[Ksummit-2012-discuss] [ATTEND] Process issues, device model, stable

Mark Brown broonie at sirena.org.uk
Tue Jun 19 22:35:27 UTC 2012


On Tue, Jun 19, 2012 at 02:43:31PM -0400, Steven Rostedt wrote:

> Well, code for new or unique devices is a different matter. Code that
> does not have an affect on anything else could be the exception to the
> rule.

The trouble here is that there's a strong tendency for new devices to
add new framework features, at least in the areas I work on.  The
greater the diff between the development code and what people are
actually deploying the less attractive it is to do the work to push
fixes and features out of individual drivers as it increases the
workload for getting things into products.

> Now if you are modifying core code, and perhaps just core ARM code, do
> you really want to rush it out, and risk breaking all ARM devices?

To be perfectly honest looking at the pattern of testing we get I'm not
overly concerned about the risk here.  Currently the testing is a split
between people running -next who are happy enough with the bleeding edge
and people who only start testing -rcs which serves the areas I look at
pretty well.

Some delay like the couple of weeks you're now suggesting is sensible
and I do tend to do something like that myself already, punting some
things for a release if the merge window seems too near in much the same
way Olof was describing, but I'm not sure it actually attracts
additional testers so much as give the -next people more chance to run
into issues.

> Basically, the more the code affects, the more it should be vetted
> before getting in. I have no problem with drivers for new devices
> skipping linux-next totally.

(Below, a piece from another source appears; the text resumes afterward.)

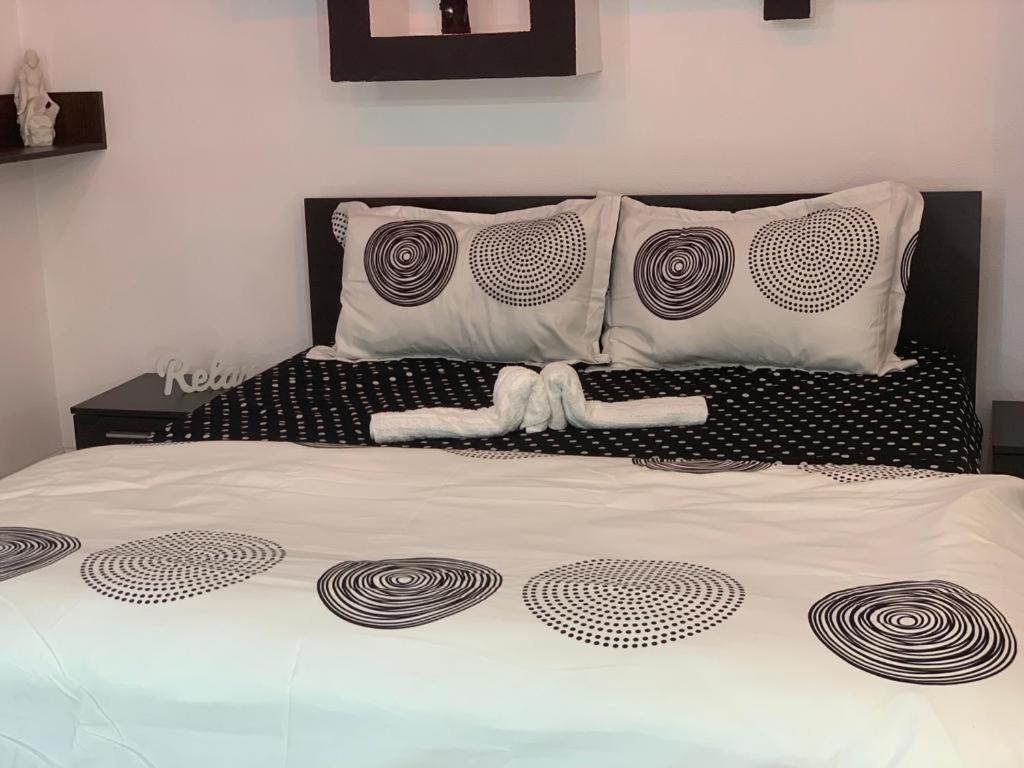 Apartament B Orizont 바커우 외부 사진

As long as I do not own such device ;-)

The problem is ensuring that things actually get vetted.  Delays are
kind of a proxy for vetting but they are far fromm a perfect one and
there's a cost associated with them.  I think we're actually doing a
pretty good job right now in terms of providing integration trees at
varying stability points and the main thing we could do is to get better
coverage of those trees, especially -next.